À George Sand.

Hauteville-House, 28 novembre 1865.

Vous venez de m’écrire, dans L’Avenir National, une admirable lettre. Cette page me paye mon livre. Vous êtes un des plus grands esprits de la France et du monde, et, ce qu’il y a de plus beau dans le monde, un esprit fait de cœur. C’est le cœur, le cœur profond, qui parle, dans tout ce que vous dites , urbi et orbi. Ayant en vous toutes les tendresses, vous avez le droit de promulguer toutes les vérités. C’est une sublime et douce chose de voir reparaître, dans nos siècles de doute et de lutte, sous la magnifique figure de George Sand, la femme prêtresse. Votre pensée est, à ses heures, héroïque, parce qu’elle est bonne. De là votre puissance.
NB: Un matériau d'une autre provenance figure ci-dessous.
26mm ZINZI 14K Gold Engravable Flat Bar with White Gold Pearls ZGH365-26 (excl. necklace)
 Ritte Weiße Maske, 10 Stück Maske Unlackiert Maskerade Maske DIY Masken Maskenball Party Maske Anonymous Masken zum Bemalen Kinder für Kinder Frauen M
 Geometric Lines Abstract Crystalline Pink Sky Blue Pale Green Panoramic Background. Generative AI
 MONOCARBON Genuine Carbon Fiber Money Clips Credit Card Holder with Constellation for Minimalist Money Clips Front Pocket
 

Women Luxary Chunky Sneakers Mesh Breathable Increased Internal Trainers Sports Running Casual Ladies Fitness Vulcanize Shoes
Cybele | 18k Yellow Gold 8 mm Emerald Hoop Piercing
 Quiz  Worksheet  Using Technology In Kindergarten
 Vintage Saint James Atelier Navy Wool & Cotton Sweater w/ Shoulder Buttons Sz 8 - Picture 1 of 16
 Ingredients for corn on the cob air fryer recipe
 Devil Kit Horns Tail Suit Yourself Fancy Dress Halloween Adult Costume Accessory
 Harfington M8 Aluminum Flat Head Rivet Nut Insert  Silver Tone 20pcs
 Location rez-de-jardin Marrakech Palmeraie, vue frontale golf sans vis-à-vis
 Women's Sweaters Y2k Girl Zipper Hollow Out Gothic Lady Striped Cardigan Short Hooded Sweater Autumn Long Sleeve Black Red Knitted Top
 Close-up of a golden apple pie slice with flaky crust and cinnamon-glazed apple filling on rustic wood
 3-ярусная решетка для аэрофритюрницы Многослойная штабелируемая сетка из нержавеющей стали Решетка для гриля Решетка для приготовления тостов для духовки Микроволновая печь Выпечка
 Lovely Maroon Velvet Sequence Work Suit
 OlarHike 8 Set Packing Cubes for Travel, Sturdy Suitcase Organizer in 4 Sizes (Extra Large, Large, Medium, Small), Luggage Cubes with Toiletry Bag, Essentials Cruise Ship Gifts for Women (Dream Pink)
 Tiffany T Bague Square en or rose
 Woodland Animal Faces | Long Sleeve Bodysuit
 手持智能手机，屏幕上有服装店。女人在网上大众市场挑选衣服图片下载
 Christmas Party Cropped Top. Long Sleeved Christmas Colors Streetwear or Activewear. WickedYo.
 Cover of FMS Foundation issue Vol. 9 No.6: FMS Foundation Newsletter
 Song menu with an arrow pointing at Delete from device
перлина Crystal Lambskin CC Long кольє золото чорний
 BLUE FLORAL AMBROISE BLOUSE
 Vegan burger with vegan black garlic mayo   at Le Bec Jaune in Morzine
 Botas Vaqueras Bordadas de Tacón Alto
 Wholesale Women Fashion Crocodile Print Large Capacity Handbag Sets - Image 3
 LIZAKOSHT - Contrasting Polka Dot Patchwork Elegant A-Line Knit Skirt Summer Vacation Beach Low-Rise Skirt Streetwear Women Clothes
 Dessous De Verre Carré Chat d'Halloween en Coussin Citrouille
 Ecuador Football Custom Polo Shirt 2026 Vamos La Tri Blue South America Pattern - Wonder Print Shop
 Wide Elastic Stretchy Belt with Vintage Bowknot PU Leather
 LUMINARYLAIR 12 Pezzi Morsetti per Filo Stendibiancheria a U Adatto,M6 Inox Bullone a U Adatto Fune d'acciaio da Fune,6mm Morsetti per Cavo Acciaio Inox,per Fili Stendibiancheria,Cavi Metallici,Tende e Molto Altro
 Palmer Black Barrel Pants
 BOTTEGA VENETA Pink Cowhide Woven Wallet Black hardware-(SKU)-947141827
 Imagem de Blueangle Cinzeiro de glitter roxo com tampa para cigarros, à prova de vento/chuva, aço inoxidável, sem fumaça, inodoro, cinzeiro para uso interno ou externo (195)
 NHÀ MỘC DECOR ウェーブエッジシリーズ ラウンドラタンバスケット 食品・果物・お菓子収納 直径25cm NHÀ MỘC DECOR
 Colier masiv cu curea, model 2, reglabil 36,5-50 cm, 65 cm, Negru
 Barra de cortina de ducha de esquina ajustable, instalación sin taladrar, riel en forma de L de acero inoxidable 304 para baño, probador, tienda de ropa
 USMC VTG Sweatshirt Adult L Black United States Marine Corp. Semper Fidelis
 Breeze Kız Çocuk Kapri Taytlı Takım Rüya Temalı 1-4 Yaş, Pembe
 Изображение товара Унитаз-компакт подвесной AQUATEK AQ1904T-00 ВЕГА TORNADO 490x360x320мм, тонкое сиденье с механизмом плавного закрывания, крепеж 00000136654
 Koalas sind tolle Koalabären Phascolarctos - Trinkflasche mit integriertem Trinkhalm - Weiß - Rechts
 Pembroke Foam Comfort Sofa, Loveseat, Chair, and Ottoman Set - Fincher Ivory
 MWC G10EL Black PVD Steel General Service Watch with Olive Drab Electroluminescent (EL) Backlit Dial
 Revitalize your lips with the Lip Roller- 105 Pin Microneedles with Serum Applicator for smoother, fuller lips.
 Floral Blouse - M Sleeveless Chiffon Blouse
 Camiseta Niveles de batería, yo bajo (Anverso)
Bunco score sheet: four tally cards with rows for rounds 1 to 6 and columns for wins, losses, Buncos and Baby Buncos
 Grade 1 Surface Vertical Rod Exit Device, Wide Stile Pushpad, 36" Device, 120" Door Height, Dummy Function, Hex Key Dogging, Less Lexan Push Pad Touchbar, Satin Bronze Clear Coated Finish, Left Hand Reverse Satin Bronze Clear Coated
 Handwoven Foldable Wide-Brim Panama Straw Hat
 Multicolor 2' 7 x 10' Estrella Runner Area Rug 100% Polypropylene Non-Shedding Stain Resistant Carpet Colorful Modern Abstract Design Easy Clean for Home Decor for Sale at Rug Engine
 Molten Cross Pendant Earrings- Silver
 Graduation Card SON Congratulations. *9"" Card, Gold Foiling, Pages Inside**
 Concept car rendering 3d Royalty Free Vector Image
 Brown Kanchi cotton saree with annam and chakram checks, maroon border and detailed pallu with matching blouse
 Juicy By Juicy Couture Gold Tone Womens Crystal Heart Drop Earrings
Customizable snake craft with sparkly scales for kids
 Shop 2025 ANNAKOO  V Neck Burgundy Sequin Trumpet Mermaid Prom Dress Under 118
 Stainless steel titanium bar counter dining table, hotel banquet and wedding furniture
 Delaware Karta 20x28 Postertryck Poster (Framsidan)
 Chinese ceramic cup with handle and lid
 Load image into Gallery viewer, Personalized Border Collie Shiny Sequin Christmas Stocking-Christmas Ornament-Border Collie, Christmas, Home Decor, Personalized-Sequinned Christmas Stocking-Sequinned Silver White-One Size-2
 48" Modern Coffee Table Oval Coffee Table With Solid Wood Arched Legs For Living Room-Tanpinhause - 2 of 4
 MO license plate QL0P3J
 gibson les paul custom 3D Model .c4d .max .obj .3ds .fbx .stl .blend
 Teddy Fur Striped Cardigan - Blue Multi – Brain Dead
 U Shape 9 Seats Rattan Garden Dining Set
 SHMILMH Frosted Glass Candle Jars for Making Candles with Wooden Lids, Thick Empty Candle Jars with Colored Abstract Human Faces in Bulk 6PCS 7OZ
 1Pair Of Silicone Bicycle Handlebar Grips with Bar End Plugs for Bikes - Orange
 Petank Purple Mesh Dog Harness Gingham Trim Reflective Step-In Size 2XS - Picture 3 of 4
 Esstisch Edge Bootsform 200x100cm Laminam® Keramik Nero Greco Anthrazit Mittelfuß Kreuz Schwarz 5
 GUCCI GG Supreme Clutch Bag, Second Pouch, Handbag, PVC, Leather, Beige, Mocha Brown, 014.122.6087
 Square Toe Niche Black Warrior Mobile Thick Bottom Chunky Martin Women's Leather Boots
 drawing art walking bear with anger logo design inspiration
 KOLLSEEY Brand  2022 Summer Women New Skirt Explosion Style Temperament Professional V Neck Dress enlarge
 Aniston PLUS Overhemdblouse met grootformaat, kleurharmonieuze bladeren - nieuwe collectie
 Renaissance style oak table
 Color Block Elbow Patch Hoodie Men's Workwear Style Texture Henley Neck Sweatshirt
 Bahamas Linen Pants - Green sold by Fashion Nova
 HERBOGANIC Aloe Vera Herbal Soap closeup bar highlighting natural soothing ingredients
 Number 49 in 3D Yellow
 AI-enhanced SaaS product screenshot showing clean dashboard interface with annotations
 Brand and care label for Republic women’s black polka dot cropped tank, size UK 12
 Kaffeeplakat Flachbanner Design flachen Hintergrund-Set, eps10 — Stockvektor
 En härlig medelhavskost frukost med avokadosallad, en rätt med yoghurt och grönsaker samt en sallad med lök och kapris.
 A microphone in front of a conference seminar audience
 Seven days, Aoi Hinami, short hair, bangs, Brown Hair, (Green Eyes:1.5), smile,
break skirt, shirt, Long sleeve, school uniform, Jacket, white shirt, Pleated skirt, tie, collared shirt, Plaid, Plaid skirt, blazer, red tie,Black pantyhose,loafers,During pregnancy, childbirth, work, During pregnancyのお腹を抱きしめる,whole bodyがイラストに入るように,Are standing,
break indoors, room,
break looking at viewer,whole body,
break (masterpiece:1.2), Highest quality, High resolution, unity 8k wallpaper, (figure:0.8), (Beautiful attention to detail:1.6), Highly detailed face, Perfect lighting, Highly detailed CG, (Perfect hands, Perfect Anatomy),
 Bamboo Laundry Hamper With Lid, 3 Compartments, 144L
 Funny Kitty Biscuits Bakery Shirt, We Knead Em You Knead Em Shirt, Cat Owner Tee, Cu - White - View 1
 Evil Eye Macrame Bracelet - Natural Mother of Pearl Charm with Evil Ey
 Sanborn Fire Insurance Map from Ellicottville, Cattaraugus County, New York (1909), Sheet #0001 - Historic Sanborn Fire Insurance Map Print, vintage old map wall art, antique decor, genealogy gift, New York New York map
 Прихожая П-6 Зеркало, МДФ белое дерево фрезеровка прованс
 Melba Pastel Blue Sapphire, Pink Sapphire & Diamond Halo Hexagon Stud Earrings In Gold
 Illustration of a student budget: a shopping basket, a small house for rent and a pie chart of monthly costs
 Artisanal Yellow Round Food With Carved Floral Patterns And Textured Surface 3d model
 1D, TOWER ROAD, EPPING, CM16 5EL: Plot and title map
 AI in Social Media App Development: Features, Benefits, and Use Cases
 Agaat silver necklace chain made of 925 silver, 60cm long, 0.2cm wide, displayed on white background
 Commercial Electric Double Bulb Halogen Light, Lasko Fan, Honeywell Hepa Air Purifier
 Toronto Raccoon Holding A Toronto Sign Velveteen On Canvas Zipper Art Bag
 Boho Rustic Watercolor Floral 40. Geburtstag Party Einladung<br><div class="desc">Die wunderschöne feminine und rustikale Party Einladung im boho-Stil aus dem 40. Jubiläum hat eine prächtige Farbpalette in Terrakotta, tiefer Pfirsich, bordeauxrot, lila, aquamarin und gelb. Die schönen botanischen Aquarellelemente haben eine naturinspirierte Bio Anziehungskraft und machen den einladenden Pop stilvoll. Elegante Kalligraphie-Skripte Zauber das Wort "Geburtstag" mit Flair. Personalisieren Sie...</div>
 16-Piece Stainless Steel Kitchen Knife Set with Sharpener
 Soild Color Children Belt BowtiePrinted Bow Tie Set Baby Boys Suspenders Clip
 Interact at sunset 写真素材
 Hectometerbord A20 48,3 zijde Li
Ce que vous dites de la vie, de la mort, du tombeau, de l’immense gamme des âmes sur la lyre de l’infini, des ascensions sans fin, des transfigurations sans nuit, tout cela, que vous faites voir et que vous faites penser, est vrai et pur, magnanime à dire, nécessaire à entendre. Quelques esprits, en ce siècle, font tapage par la négation ; c’est aux grandes âmes qu’est réservée l’affirmation. Vous avez le droit au oui. Usez-en. Usez-en pour vous et pour tous. Dieu a, au milieu des hommes, une preuve, le génie. Vous êtes, donc il est. Je considère une page affirmante comme un service rendu au genre humain, et quand cette page est écrite par vous, elle a une lumière double, la gloire s’ajoutant à la vérité.

Vous êtes triste, ô consolatrice. Ceci augmente votre grandeur. Laissez-moi vous dire que je suis profondément ému.